1. Field of the Invention
The present invention generally relates to the field of computer systems. More particularly, the present invention relates to methods and arrangements for managing power and energy in processors of computer systems.
2. Description of the Related Art
The competitive nature of industries has increased reliance on computer systems to perform daily operations, increasing the demand for fast and reliable computer systems with reasonable size and space requirements. The speed, or processing power, of computer systems in the same or smaller packages has led contemporary computer designs toward smaller chips that operate at higher frequencies, inherently increasing power densities within the IC chips. However, the higher frequencies and increased power densities also decrease reliability.

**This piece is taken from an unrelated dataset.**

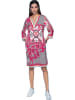 Heine Kleid in Bunt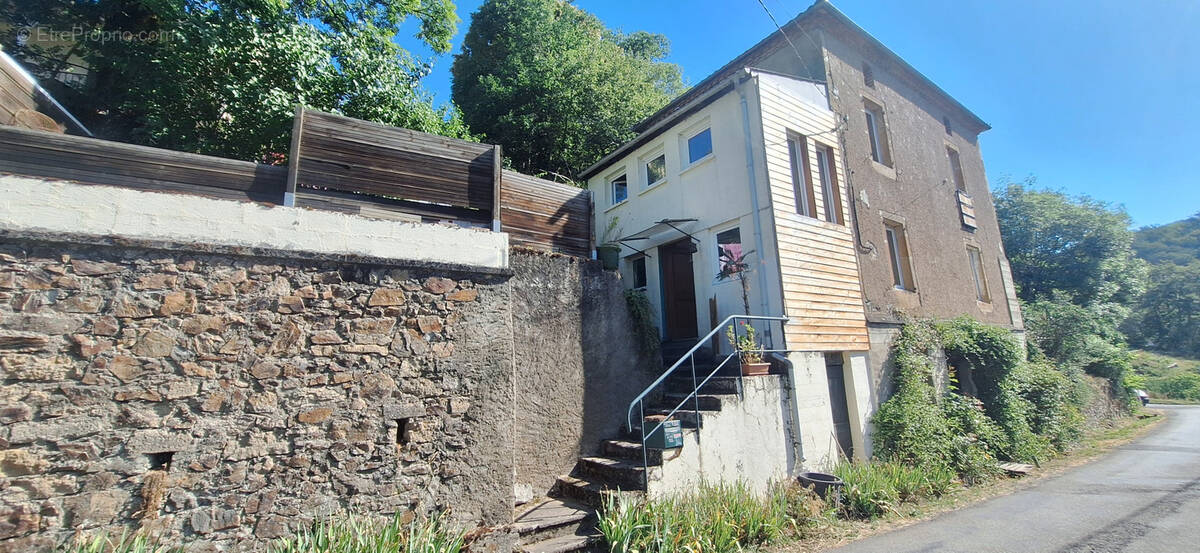Maison à TERROU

Traditionally, power expenditures by processors are controlled by reducing the voltages and frequencies of processors. For example, in laptops, power may be considered a premium while the laptop is operating strictly off of battery power. Thus, processors for many laptops include various power saving modes of operation that include shutting down parts of the processor and reducing the voltage and frequency for the core(s) while the processing capacity of the processor is not fully utilized.

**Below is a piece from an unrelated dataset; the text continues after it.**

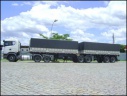 Bresilian trucks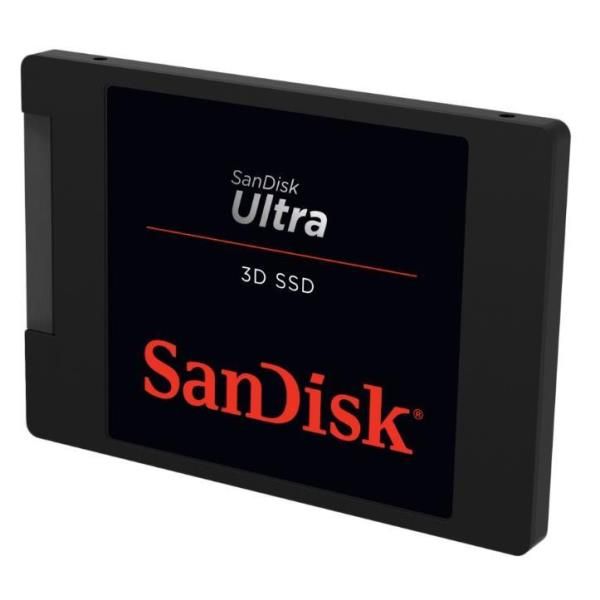 Image of SANDISK ULTRA 3D SATA 2.5 SSD 074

Modern processors operate at very high frequencies and are projected to reach 20–40 gigahertz (GHz) in the next five to ten years. At such frequencies, small processor cores generate very high power densities even when their voltages and frequencies are reduced. These high power densities subject modern processors to very high failure rates.
The decreased reliability has led many manufacturers toward autonomic computing designs. Autonomic computing refers to computer systems that configure themselves to changing conditions and are self healing in the event of failure. For instance, if one server in a rack of servers fails, the workload for the failed server may be shifted to another server in the rack, allowing operations to continue, albeit, possibly with lower processing capability and, potentially, at a slower processing rate. Nonetheless, fewer failures are catastrophic and less human intervention is required for routine operation.
Autonomic designs may also be incorporated on the IC chip level by incorporating redundant systems of subcomponents for subcomponents that tend to fail such as ports of arrays like register files. Adding redundant systems in a processor core, however, represents a solution for the effect, i.e., high failure rates, rather than a solution for the high power densities. Further, redundant systems both increase the silicon area utilized by the core and slow down the core. Depending upon the number of metallization layers available within a processor, adding redundant components can involve a linear expansion of silicon area, which significantly impacts the costs of manufacturing the processor and the speed with which instructions can be processed by the processor.
Therefore, there is a need for methods and arrangements for dynamically adjusting power densities of processor cores, balancing power and energy expenditures with performance demands, to attenuate or minimize failure rates associated with processor cores.